Il n’était donc déjà pas au mieux lorsque les émeutes raciales (y compris à Detroit, la ville de Motown), ajoutée à l’assassinat de Martin Luther King, finirent par le toucher intimement.
Pourtant il commença par refuser le magnifique morceau qu’Obie Benson (des Four tops) lui apporta sur un plateau. Il voulait produire ce qui allait devenir What’s going on, mais le faire interpréter par le groupe vocal du label, the Originals. Marvin Gaye avait pourtant la ferme intention de devenir producteur, et de produire lui-même ses disques. Mais il avait ce travers de toujours se faire désirer.

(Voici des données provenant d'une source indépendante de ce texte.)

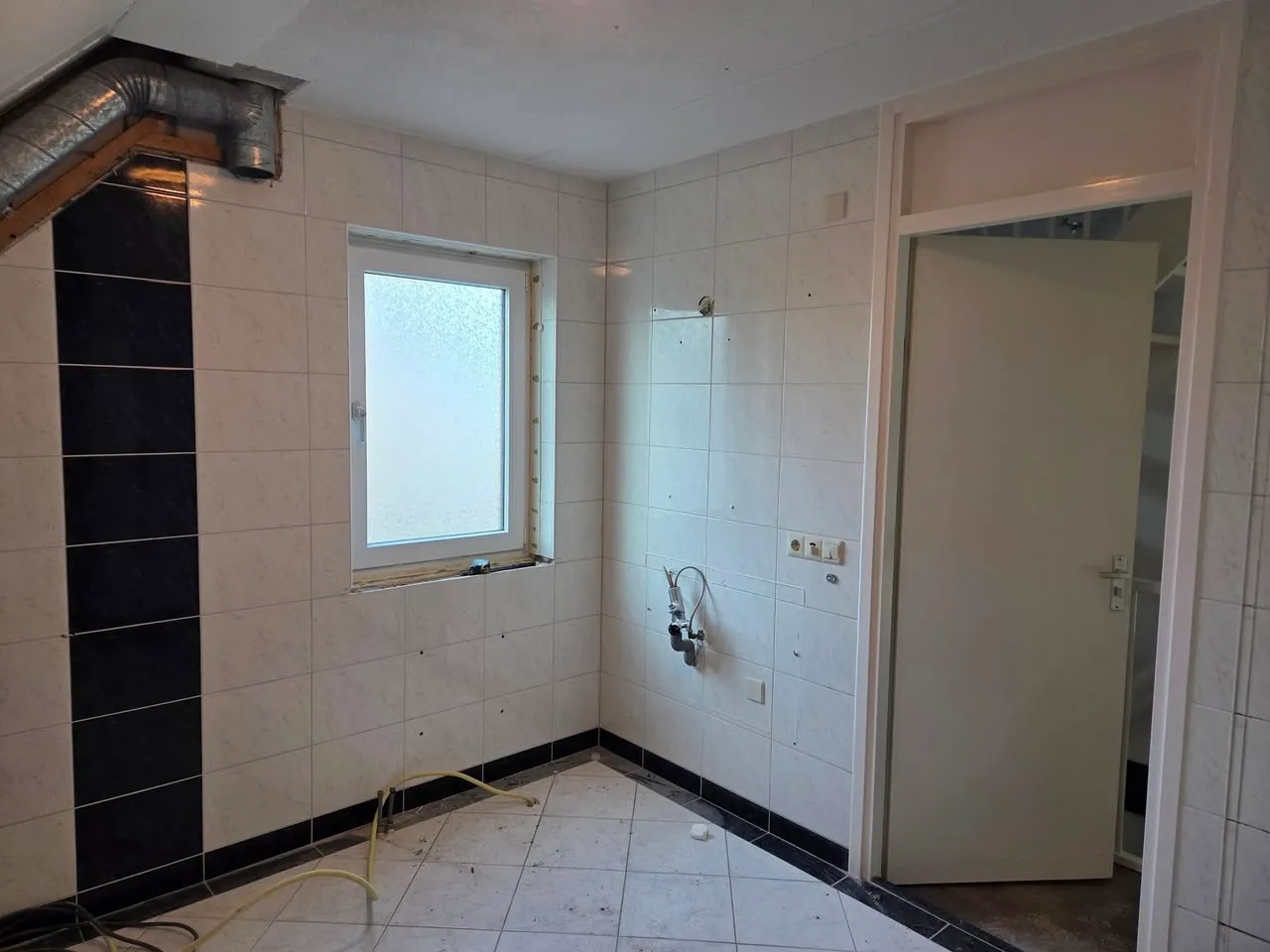 Opbouw van badkamer voor tegelwerk in Wijhe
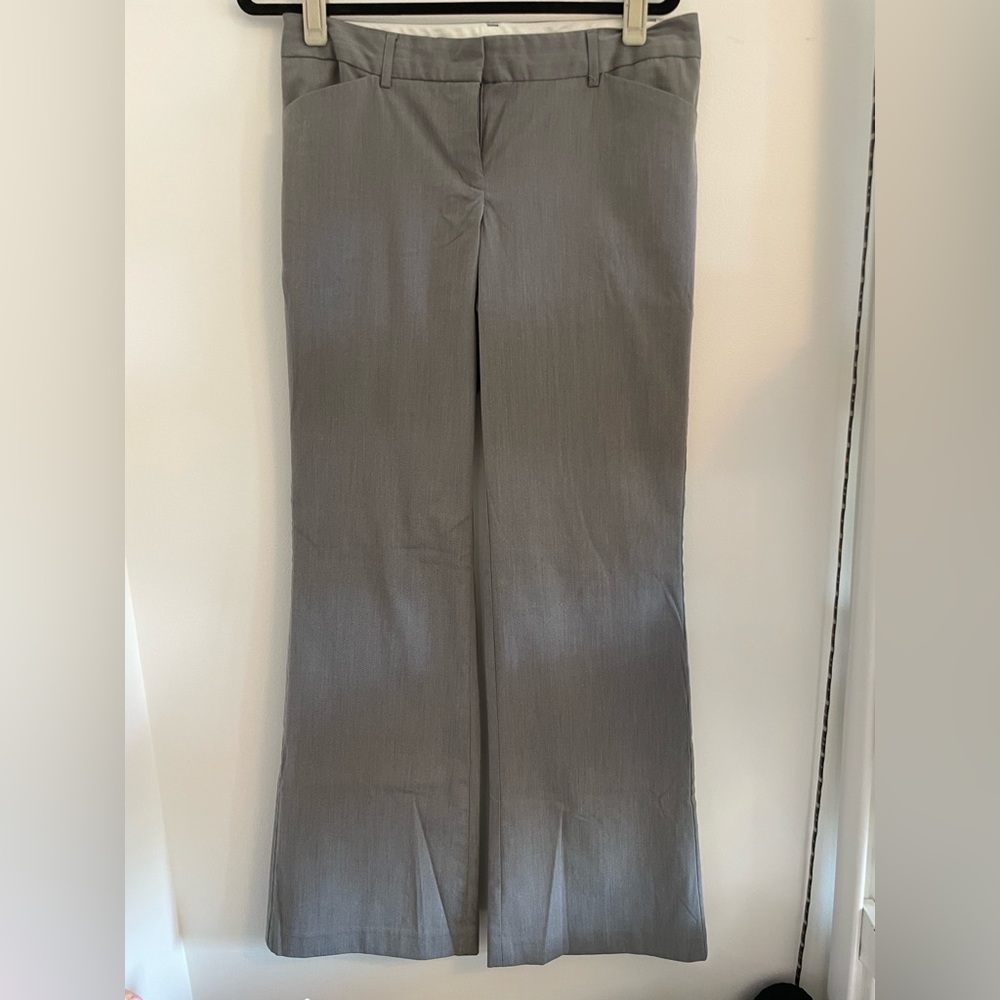 Light Grey Express Editor Trousers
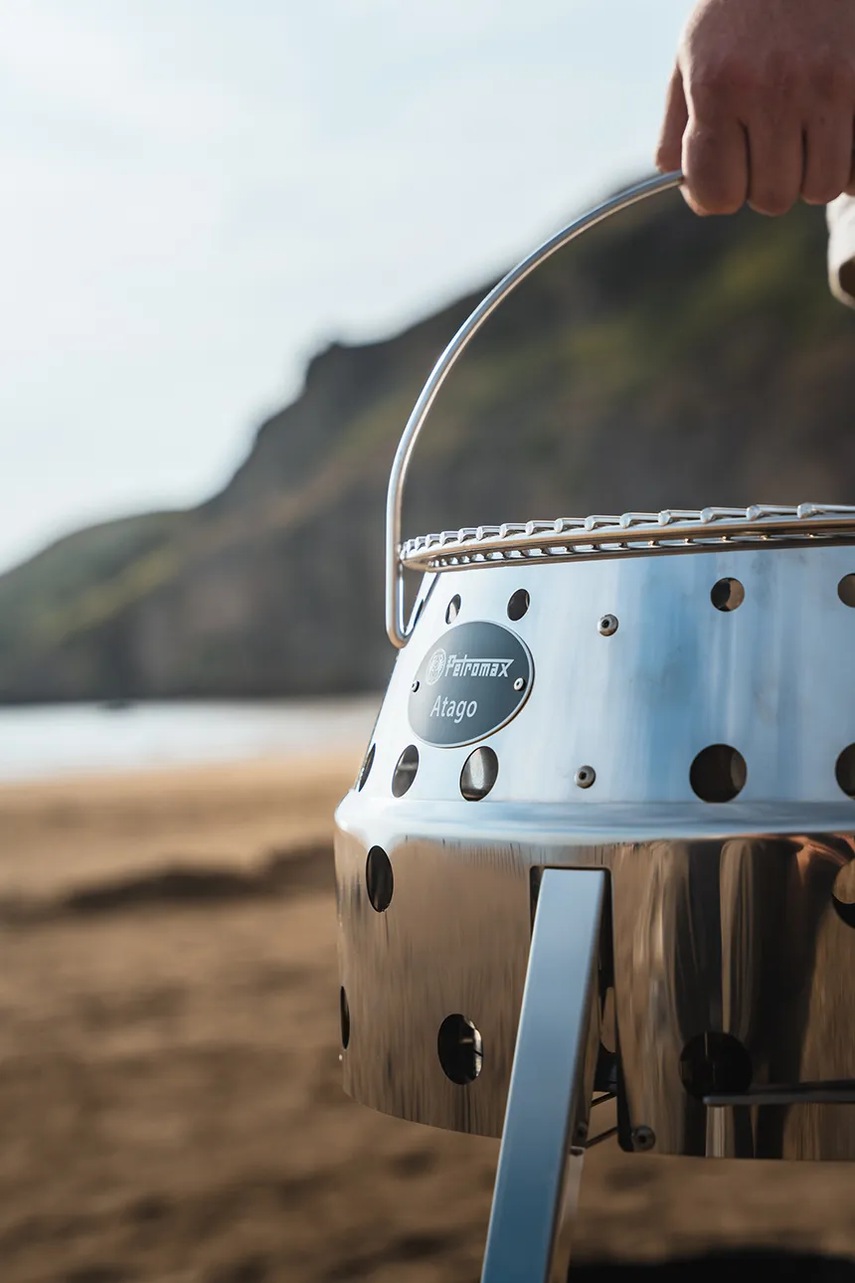 Ψησταριά ταξιδίου Petromax 4w1 Atago 42 x 42 x 28 cm χρώμα: γκρι φωτογραφία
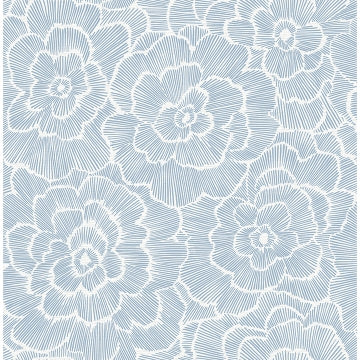 Periwinkle Textured Floral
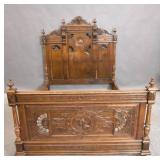 Italian walnut full size bed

Fils de pasteur, un homme abject qui le battait enfant et l’assassina d’un coup de feu le 1er avril 1984, Marvin Gaye a toujours ressenti une grande spiritualité. Et un souci sincère des enfants, à commencer par son propre fils. Il fallut du temps pour que tout se mette en place, et qu’il fasse le lien entre son souci de fraternité, sa sensibilité écologique, le titre qu’on lui proposait et qui exprimait l’incompréhension devant la guerre urbaine des ghettos, trouve son expression musicale en lui. Le titre qui résume son cheminement est sur la première face : save the children. Au moins, faisons en sorte de laisser à nos enfants un monde vivable, tel est la ligne désenchantée qui parcourt l’album.

What’s going on ne ressemble à rien de ce que Marvin Gaye avait déjà enregistré, y compris le sublime I heard it through the grapevine. Et il tranchait avec le reste du catalogue du label et ses disques au son stéréotypé si apprécié des Blancs. Marvin Gaye y développa des trésors d’invention, dont la moindre nuance est retracée dans ces pages. Marvin Gaye avait fait de ce disque un défi personnel, et s’il supervisa la moindre session, on a rarement vu un enregistrement mettre autant de monde à contribution. Pourtant jamais le son, si riche et complexe, n’est écrasant, et grâce à un travail de studio acharné, les titres sont liés les uns aux autres, enchainés avec une fluidité stupéfiante.

Ben Edmonds a recueilli quantité d’anecdotes et de témoignages, faisant toujours la part de la légende et de la réalité. Surtout, il nous fait entrer à la fois dans le cheminement de Marvin Gaye et dans la fabrication complexe de ce disque monument.
Ce n’est pas la moindre qualité de son livre, on y suit les péripéties de ce disque et de son enregistrement comme un roman à suspense.

Mais ce livre n’est pas américain pour rien, non plus. Voilà bien un pays qui sait créer et valoriser des légendes. Et Ben Edmonds nous fait sentir cette vibration, cette émotion intense que provoqua ce disque, dans la vie de Marvin Gaye et dans toute l’Amérique.

En toute logique, ce billet est censé vous pousser à vous offrir l’album What’s going on, qui mérite vraiment d’être écouté de bout en bout. Mais si vous aimez ce disque, ce petit livre de poche (10/18) fera aussi une excellente lecture de vacances, n’en doutez pas.